37 Signals does A/B testing for Basecamp and gets very different results

(written by lawrence krubner, however indented passages are often quotes). You can contact lawrence at: lawrence@krubner.com, or follow me on Twitter.

Very interesting:

Designers, you’ve been in critiques where Clients, Art Directors, Creative Directors, Project Managers, Copywriters, Executive Assistants, and other Designers have picked apart your work. You listened with agony when they questioned your choice of this shade of red or this typeface. You winced when they said that photograph wasn’t “right”. Your vision is already changing based on a series of opinions!

Next time say, “I hear your concern about the shade of red. Why don’t we test that? I feel strongly about the color red, but it sounds like you need to be convinced it won’t affect X.”

Increasing our Signups through A/B Testing
A few weeks ago Noah and I talked about the testing we’ve been doing with the Highrise marketing site. Here’s a summary of the findings we posted:

37.5% more people signed up for Highrise with the Long Form design.

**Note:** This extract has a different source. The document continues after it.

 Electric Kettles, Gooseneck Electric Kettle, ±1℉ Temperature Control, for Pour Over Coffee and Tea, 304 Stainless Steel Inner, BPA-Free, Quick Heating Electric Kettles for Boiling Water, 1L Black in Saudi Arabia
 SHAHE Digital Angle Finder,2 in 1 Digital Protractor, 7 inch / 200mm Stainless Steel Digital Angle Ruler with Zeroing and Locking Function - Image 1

Jason Fried’s mantra while testing was: We need to test radically different things. We don’t know what works. Destroy all assumptions. We need to find what works and keep iterating—keep learning. (I’m paraphrasing here…) We tried out a radically different design with these results:

The Person Page was far shorter. There was less information about Highrise. However it had a 47% percent increase in paid signups than the Long Form design. Why exactly was the Person Page working? What might happen if we added more information to the bottom?